19 Huysuz insan cezasını çekmelidir. Onu bir kere kurtarsan da, hep aynı şeyi yapman gerekir.
Chi [è] grandemente iracondo [ne] porterà la pena; Che se tu [lo] scampi, tu lo renderai vie più [iracondo].
20 Öğüde kulak ver, terbiyeyi kabul et ki, Ömrünün kalan kısmı boyunca bilge olasın.
Ascolta consiglio, e ricevi correzione, Acciocchè tu diventi savio alla fine.
21 İnsan yüreğinde çok şey tasarlar, Ama gerçekleşen, RAB'bin amacıdır.
[Vi sono] molti pensieri nel cuor dell'uomo; Ma il consiglio del Signore [è] quello che sarà stabile.
22 İnsandan istenen vefadır, Yoksul olmak yalancı olmaktan yeğdir.
La benignità dell'uomo [è] il suo ornamento; E meglio vale il povero, che l'uomo bugiardo.
23 RAB korkusu Doygun ve dertsiz bir yaşama kavuşturur.
Il timor del Signore [è] a vita; [E chi lo teme] passerà la notte sazio, [e] non sarà visitato da alcun male.
24 Tembel sahana daldırdığı elini Ağzına geri götürmek bile istemez.

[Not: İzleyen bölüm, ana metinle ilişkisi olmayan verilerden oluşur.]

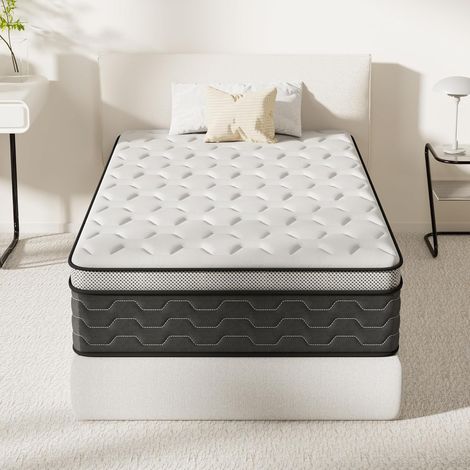 STANEW Materasso singolo 120x190, Altezza 30cm, Materasso a Molle e Schiuma, Insacchettate Sostegno Perfetto, Confortevole e Traspirante, Durezza Media,Ortopedico Ergomico,Materassi letto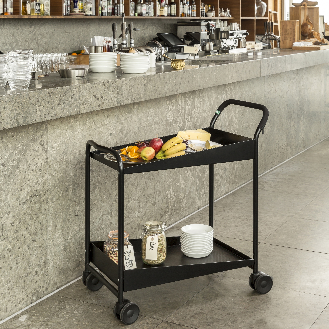 Tischwagen "Kongadesign" 690x435mm Ladefläche in schwarz mit Rand und Bremse-Beschreibung lesen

Il pigro nasconde la mano nel seno, E non la ritrae fuori, non pure [per recarsela] alla bocca.
25 Alaycıyı döversen bön kişi ibret alır, Akıllı kişiyi azarlarsan bilgisine bilgi katar.
Percuoti lo schernitore, e il semplice ne diventerà avveduto; E se tu correggi l'[uomo] intendente, egli intenderà la scienza.
26 Babasına saldıran, annesini kovan çocuk, Ailesinin utancı ve yüzkarasıdır.
Il figliuolo che fa vergogna e vituperio, Ruina il padre, [e] scaccia la madre.
27 Oğlum, uyarılara kulağını tıkarsan, Bilgi kaynağı sözlerden saparsın.
Figliuol mio, ascoltando l'ammaestramento, Rimanti di deviare da' detti di scienza.
28 Niyeti bozuk tanık adaletle eğlenir, Kötülerin ağzı fesatla beslenir.
Il testimonio scellerato schernisce la dirittura; E la bocca degli empi trangugia l'iniquità.
29 Alaycılar için ceza, Akılsızların sırtı için kötek hazırdır.
I giudicii sono apparecchiati agli schernitori, E le percosse al dosso degli stolti.